Heads of venerable law schools stateside have few qualms about dabbling in politics. Noticing that President Trump has a difficult relationship with legal process, Harvard’s dean Martha Minow and Yale dean Robert Post penned a thunderous piece for the Boston Globe. They write: ‘Without the rule of law, we may have a “so-called” president who has in fact become a tyrant.’

What about our own legal dons? Stirringly summoned from [campus] hillside and glen [fen?], letter-writing academics from the University of Kent lament: ‘The British government’s decision to renew its “special relationship” with the United States at this time can only lead, in the short-term, to further suffering and discrimination.’

Let the battle of the “speech marks” commence…

Obiter wondered what English deans, principals and faculty chairs had to say on Brexit. Surprisingly there’s precious little to date from the heads of, to take a sample: Oxford’s law faculty, the Dickson Poon school of law at King’s London, the University of Law or Nottingham Law School.

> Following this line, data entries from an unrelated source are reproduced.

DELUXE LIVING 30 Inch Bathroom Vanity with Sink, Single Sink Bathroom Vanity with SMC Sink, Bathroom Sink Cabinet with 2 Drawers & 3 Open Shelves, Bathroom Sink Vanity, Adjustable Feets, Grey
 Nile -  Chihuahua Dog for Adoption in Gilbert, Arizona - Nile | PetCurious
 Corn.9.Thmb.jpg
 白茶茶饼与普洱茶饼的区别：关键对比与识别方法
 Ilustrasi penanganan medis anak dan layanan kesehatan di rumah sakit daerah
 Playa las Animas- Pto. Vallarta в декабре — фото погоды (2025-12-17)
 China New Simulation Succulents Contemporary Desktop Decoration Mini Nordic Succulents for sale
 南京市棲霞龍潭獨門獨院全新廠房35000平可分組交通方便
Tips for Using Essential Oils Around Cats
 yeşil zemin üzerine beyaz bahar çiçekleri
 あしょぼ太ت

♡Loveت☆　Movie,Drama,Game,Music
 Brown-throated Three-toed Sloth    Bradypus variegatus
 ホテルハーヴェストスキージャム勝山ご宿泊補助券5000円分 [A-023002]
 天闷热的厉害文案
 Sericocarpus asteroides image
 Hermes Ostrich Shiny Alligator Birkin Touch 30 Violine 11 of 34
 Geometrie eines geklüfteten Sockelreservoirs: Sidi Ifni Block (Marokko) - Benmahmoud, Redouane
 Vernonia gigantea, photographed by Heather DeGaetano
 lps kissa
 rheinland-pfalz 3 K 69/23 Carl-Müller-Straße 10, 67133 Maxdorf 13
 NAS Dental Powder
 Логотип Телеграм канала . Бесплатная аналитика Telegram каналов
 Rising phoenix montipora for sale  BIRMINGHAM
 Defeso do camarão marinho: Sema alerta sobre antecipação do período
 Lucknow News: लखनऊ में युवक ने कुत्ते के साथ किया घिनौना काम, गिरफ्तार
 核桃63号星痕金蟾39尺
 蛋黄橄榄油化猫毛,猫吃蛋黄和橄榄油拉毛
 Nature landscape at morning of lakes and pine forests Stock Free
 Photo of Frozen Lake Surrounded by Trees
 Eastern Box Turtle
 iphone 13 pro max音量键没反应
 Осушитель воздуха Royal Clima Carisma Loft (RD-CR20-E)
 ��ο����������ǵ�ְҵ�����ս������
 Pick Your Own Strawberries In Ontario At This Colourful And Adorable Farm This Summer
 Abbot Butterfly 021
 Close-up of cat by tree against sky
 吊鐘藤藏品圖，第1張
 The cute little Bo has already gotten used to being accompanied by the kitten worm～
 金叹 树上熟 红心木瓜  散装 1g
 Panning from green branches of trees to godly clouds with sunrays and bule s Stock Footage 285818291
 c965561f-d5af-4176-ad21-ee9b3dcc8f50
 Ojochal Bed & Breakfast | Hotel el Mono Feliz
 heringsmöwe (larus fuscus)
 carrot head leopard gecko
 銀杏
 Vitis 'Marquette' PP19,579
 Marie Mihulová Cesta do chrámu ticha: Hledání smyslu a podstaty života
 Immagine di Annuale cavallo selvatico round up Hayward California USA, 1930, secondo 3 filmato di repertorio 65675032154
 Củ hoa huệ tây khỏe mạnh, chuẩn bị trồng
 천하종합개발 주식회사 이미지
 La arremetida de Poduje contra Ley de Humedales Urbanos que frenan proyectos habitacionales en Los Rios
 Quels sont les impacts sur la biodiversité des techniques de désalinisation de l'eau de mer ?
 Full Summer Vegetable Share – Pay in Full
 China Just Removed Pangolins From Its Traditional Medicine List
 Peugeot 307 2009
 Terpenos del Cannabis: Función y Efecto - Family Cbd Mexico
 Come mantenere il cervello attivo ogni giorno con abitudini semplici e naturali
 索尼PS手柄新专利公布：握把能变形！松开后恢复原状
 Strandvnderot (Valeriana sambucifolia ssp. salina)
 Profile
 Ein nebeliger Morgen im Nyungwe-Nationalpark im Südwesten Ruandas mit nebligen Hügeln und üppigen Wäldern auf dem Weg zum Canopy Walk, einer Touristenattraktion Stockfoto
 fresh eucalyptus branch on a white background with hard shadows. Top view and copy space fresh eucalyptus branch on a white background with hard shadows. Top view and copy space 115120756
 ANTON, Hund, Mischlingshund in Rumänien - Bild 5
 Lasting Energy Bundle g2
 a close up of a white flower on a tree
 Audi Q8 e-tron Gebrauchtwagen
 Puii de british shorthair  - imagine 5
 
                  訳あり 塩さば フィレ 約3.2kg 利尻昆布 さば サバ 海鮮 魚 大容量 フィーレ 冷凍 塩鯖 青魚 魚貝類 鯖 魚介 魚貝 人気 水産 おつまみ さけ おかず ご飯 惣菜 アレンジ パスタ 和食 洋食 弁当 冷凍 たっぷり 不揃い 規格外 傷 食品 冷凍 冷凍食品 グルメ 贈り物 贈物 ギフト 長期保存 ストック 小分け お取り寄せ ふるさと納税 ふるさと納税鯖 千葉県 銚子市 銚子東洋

A very mild crackle on the Geiger counter from Cambridge, though. Here’s law faculty chair professor Richard Fentiman, speaking days before the actual vote to leave. Having ruminated that ‘Switzerland’, ‘Norway’ and ‘Albania’ provided models for a future outside the EU, Fentiman reached for humour [“humour”]: ‘I must say, as a public international lawyer, I’m rather struck by the fact that no one thinks we should be Utopia.’